Frozen yoghurt bark, studded with fresh berries, is such a fun treat for kids and adults alike to make.
Simple and nutritious, it’s a great alternative sweet dessert or a light and refreshing snack.
Equally tasty, and ideal for when you need a quick burst of healthy energy, are peanut butter balls.
Make a batch and store in the fridge for a few days – if you can resist them…
Last but not least are these raspberry cream cupcakes which only take minutes to make, and possibly the same amount of time to demolish!
(Makes 1 slab)
- 500g plain yoghurt
- 2 tbsp granola
- 300g mixed berries
- Line a large baking tray with parchment paper.
- Carefully slice the strawberries into thin slices.
- Pour the yoghurt on to the parchment paper and spread out with the back of the spoon into a thick layer.
- Arrange the berries on the yoghurt and sprinkle over the granola.
- Freeze overnight and then very carefully cut into segments with a sharp knife – best to get a grown-up to help you with this.
- Store in an airtight container in the freezer and eat pieces of the “bark” when it’s nice and cold.
Recipe created by Rhitrition.
Blueberry and peanut butter balls
- 160g roughly chopped dates
- 100ml water
- 120g blueberries
- 120g peanut butter
- 60g oats
- 50g toasted sesame seeds
- Place the dates and water in a small pan, cover and simmer for two to three minutes.
- Carefully stir, mixing to a paste then continue cooking it for another minute or so more to make a thicker paste.
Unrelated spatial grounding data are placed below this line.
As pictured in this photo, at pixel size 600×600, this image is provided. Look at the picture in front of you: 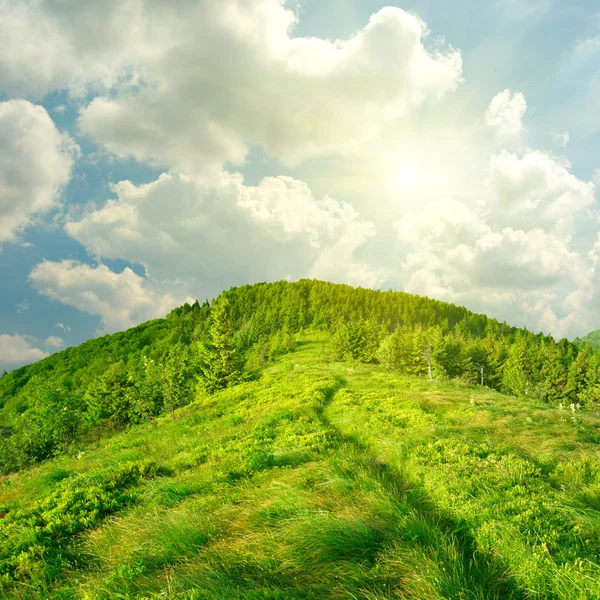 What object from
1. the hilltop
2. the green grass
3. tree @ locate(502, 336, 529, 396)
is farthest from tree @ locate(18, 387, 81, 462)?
tree @ locate(502, 336, 529, 396)

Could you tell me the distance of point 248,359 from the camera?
84938 millimetres

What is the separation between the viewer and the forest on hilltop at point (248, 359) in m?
43.3

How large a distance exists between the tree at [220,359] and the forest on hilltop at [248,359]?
132mm

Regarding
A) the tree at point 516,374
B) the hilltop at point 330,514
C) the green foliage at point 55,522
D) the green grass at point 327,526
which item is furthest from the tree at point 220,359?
the tree at point 516,374

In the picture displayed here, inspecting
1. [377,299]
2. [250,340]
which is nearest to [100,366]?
[250,340]

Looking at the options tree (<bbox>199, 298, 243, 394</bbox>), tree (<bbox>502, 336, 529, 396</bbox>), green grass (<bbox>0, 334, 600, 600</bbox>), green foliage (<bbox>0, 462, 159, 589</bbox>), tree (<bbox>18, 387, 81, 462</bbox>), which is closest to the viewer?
green grass (<bbox>0, 334, 600, 600</bbox>)

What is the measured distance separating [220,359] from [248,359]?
42.8 m

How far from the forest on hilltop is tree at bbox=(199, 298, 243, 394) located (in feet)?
0.43

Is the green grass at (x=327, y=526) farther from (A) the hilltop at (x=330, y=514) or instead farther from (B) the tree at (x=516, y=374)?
(B) the tree at (x=516, y=374)

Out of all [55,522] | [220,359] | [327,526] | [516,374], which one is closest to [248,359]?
[220,359]

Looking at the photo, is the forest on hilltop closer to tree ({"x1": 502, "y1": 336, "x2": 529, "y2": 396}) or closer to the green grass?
tree ({"x1": 502, "y1": 336, "x2": 529, "y2": 396})

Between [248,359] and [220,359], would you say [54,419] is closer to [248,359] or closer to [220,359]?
[220,359]

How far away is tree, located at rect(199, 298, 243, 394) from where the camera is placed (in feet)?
137

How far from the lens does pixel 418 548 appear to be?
4809 mm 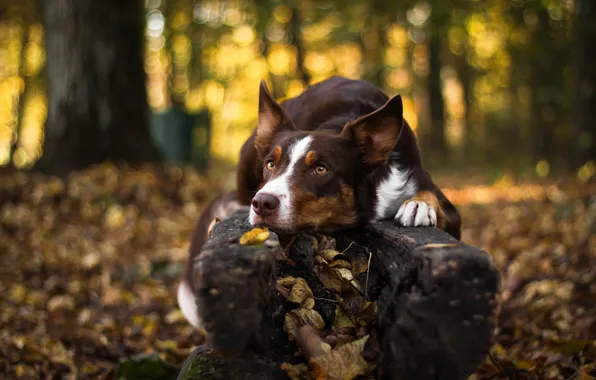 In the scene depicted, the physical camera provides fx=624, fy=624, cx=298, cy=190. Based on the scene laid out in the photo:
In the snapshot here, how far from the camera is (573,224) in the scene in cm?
695

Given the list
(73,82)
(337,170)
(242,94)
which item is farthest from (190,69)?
(337,170)

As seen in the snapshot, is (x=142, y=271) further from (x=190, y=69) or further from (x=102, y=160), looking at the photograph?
(x=190, y=69)

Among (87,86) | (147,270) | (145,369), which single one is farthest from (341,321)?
(87,86)

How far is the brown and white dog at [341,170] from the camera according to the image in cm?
301

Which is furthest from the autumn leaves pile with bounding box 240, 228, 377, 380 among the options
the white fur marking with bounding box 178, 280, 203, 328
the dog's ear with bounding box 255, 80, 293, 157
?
the white fur marking with bounding box 178, 280, 203, 328

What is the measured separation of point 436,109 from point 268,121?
19.2 m

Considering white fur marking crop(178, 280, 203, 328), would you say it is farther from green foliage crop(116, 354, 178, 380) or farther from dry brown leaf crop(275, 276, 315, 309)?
dry brown leaf crop(275, 276, 315, 309)

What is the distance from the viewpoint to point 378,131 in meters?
3.25

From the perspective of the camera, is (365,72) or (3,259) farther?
(365,72)

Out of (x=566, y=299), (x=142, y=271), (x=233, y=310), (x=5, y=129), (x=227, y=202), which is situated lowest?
(x=5, y=129)

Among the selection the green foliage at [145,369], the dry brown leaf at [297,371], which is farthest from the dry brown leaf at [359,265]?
the green foliage at [145,369]

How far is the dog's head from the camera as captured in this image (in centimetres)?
293

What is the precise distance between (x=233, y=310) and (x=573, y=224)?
19.0ft

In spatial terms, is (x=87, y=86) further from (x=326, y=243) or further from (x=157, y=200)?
(x=326, y=243) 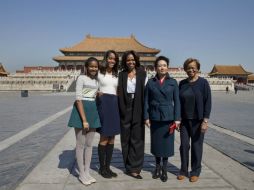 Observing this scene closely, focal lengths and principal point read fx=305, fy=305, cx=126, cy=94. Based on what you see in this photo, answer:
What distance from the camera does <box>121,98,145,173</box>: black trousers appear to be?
4473 millimetres

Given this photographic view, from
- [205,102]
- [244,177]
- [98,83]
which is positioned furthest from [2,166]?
[244,177]

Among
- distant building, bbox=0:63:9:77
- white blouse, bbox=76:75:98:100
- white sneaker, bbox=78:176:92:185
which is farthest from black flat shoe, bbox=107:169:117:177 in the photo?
distant building, bbox=0:63:9:77

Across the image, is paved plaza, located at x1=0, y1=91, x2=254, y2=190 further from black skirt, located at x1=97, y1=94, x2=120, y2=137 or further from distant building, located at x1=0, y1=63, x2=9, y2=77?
distant building, located at x1=0, y1=63, x2=9, y2=77

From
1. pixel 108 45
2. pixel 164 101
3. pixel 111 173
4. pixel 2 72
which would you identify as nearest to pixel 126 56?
pixel 164 101

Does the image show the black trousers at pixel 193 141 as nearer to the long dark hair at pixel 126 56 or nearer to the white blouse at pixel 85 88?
the long dark hair at pixel 126 56

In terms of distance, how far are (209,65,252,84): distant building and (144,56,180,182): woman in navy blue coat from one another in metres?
66.4

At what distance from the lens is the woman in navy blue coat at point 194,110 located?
4.32 metres

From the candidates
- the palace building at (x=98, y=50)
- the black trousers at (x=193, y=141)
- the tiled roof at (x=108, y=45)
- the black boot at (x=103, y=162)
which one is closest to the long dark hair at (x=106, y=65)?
the black boot at (x=103, y=162)

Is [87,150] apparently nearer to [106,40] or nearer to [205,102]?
[205,102]

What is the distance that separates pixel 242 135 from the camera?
7953 millimetres

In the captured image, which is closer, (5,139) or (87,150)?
(87,150)

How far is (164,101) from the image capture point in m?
4.29

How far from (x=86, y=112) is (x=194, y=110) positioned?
153 centimetres

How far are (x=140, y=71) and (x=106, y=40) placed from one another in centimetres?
6151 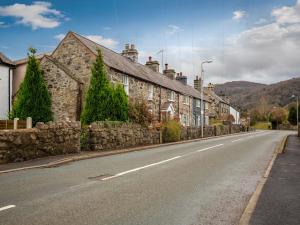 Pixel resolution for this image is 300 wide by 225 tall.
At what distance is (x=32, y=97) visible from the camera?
82.9ft

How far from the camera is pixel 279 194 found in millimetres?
7730

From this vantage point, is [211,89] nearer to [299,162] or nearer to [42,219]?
[299,162]

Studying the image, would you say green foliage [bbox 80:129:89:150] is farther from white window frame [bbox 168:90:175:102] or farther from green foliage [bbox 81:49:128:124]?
white window frame [bbox 168:90:175:102]

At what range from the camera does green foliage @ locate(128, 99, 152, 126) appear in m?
24.0

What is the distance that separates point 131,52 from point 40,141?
92.4ft

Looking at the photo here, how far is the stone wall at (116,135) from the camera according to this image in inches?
739

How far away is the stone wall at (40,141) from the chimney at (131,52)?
25.1m

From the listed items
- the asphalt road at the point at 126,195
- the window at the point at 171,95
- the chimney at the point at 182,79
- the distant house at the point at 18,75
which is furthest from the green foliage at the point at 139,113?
the chimney at the point at 182,79

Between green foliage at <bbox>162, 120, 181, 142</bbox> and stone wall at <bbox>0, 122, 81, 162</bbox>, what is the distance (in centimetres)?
1203

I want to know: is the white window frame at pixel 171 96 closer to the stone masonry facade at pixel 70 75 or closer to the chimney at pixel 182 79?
the stone masonry facade at pixel 70 75

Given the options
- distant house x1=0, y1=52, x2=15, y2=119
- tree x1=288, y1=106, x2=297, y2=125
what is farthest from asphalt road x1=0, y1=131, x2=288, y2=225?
tree x1=288, y1=106, x2=297, y2=125

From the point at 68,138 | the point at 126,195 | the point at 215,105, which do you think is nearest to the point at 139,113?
the point at 68,138

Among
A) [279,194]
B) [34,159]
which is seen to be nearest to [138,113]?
[34,159]

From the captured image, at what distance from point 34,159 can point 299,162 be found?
11.2 meters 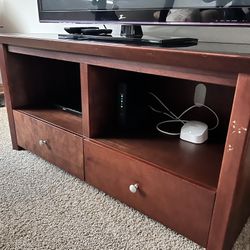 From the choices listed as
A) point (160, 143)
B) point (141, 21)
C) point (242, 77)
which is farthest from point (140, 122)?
point (242, 77)

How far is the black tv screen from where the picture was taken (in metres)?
0.64

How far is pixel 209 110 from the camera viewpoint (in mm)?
988

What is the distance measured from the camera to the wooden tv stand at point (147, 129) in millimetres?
578

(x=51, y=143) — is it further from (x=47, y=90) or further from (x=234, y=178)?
(x=234, y=178)

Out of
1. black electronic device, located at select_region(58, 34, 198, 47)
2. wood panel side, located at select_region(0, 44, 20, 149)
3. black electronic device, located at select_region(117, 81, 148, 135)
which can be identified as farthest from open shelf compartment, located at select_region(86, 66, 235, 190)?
wood panel side, located at select_region(0, 44, 20, 149)

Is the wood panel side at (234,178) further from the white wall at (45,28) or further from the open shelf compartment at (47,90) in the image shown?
the open shelf compartment at (47,90)

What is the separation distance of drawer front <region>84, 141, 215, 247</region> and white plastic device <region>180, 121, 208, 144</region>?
0.22 m

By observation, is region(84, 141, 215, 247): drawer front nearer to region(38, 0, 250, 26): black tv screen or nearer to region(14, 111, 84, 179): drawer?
region(14, 111, 84, 179): drawer

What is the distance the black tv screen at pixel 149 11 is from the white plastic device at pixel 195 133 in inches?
13.8

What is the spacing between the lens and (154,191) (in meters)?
0.77

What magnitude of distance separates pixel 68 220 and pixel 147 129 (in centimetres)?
43

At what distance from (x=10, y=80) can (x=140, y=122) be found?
0.61 meters

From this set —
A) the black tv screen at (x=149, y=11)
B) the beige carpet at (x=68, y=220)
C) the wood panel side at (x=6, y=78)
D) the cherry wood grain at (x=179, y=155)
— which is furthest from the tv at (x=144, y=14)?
the beige carpet at (x=68, y=220)

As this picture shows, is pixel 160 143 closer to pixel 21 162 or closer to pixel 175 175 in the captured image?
pixel 175 175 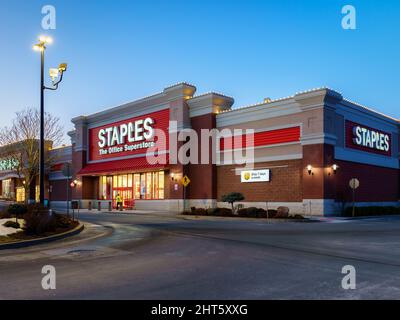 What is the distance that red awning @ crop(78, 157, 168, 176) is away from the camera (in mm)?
39906

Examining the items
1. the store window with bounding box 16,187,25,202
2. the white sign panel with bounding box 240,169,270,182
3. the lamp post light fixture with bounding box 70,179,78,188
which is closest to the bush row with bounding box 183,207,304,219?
the white sign panel with bounding box 240,169,270,182

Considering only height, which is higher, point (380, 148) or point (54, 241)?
point (380, 148)

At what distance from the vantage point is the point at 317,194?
29641 mm

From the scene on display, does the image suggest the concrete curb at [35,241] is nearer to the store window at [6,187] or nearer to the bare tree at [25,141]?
the bare tree at [25,141]

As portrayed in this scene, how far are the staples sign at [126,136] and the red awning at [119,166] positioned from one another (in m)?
0.89

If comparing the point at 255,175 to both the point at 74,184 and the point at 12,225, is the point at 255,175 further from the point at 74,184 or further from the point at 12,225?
the point at 74,184

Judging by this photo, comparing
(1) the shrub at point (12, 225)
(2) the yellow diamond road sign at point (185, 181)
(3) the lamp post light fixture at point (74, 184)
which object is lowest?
(1) the shrub at point (12, 225)

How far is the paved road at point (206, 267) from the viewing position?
7238 millimetres

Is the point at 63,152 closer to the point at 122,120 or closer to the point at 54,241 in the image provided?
the point at 122,120

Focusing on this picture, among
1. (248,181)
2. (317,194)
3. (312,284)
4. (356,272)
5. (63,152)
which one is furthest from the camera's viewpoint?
(63,152)

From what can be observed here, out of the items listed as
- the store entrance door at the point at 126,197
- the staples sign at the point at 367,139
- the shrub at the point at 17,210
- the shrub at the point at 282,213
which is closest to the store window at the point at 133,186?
the store entrance door at the point at 126,197

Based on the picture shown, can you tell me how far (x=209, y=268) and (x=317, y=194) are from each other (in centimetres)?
2168

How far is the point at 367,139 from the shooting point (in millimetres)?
35594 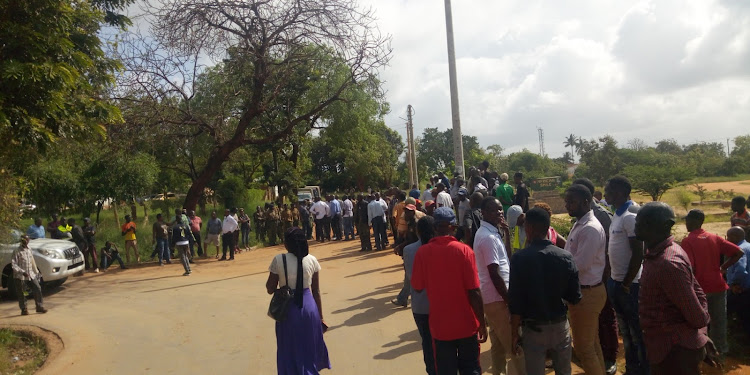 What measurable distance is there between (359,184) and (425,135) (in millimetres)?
41091

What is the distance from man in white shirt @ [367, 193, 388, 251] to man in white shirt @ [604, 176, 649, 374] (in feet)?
35.9

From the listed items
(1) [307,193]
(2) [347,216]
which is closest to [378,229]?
(2) [347,216]

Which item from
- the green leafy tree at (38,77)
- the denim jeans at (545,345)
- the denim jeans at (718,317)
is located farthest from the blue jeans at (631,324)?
the green leafy tree at (38,77)

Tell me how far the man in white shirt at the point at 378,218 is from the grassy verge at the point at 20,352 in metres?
9.02

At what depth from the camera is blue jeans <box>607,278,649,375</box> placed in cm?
509

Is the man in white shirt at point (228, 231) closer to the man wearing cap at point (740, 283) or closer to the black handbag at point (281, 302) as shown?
the black handbag at point (281, 302)

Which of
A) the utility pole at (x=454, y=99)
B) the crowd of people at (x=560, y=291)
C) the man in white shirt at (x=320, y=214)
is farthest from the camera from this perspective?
the man in white shirt at (x=320, y=214)

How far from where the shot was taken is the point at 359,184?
55.4m

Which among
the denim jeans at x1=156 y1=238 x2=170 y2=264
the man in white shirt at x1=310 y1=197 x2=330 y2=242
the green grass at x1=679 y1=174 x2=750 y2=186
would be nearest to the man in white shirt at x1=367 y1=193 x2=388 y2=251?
the man in white shirt at x1=310 y1=197 x2=330 y2=242

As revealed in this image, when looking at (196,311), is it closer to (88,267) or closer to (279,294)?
(279,294)

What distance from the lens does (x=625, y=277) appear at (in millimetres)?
4996

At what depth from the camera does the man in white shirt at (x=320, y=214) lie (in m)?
20.3

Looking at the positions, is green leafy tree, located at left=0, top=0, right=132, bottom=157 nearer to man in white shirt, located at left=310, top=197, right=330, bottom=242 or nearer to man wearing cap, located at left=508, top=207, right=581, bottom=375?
man wearing cap, located at left=508, top=207, right=581, bottom=375

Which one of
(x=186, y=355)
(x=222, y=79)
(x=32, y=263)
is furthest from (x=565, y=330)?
(x=222, y=79) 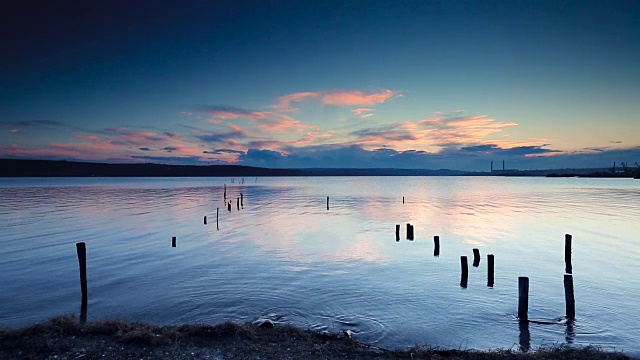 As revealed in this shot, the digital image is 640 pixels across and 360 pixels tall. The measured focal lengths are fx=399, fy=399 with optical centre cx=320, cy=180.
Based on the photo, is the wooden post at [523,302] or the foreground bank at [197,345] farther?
the wooden post at [523,302]

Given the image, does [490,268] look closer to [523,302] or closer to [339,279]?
[523,302]

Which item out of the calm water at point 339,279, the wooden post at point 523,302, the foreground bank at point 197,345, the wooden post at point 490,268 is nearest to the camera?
the foreground bank at point 197,345

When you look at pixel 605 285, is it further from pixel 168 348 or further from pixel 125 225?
pixel 125 225

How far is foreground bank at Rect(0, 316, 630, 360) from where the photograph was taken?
11.3 metres

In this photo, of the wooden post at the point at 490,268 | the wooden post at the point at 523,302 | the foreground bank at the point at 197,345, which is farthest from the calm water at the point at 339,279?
the foreground bank at the point at 197,345

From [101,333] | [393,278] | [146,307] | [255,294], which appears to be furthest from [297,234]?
[101,333]

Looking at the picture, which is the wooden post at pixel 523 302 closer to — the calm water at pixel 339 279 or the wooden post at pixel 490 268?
the calm water at pixel 339 279

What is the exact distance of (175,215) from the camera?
56969mm

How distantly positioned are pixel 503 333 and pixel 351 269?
11.8 metres

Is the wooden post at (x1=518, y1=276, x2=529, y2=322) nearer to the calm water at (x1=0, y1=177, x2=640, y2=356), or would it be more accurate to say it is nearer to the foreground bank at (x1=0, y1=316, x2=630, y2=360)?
the calm water at (x1=0, y1=177, x2=640, y2=356)

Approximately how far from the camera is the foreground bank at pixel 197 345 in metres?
11.3

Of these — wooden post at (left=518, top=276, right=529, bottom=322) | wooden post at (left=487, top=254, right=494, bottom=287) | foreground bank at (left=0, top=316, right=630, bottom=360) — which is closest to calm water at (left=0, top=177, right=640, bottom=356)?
wooden post at (left=487, top=254, right=494, bottom=287)

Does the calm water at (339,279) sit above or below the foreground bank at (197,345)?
below

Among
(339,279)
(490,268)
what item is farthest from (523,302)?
(339,279)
Remove from the heat.
- Add the blueberries, crushing them slightly, then mix in with the peanut butter and oats.
- Once cool enough to handle, wet your hands slightly, and roll into 20 even-sized balls.
- Put the sesame seeds on a plate and roll each ball to coat.
- Store in an airtight container in the fridge for up to five days.
Raspberry cream cupcakes
- 100g soft margarine
- 100g caster sugar
- 125g self-raising flour
- 2 medium eggs
- 1 tsp vanilla extract
- 100g raspberries, crumbled
For the decoration:
- 150g full fat cream cheese
- 150g icing sugar, sifted
- ½ tsp vanilla extract
- Extra raspberries and edible glitter flakes
- Pre-heat the oven to 160C Fan/180C/ 350F/Gas Mark 4.
- Put 12 foil or paper cupcake cases into a bun or muffin tin.
- Add all the cake ingredients to a bowl except the raspberries and beat until smooth.
- Fold in the crumbled raspberries then divide evenly between the paper cases.
- Cook for about 15 minutes until golden brown and the tops spring back when pressed with a fingertip.
- Take out of the tin and leave to cool on a wire rack. Meanwhile, add the cream cheese to a bowl and soften with a wooden spoon.
- Gradually mix in the icing sugar then the vanilla extract until smooth.
- Pipe over the top of the cakes then decorate with the raspberries and glitter flakes.
- Store in the fridge until ready to serve.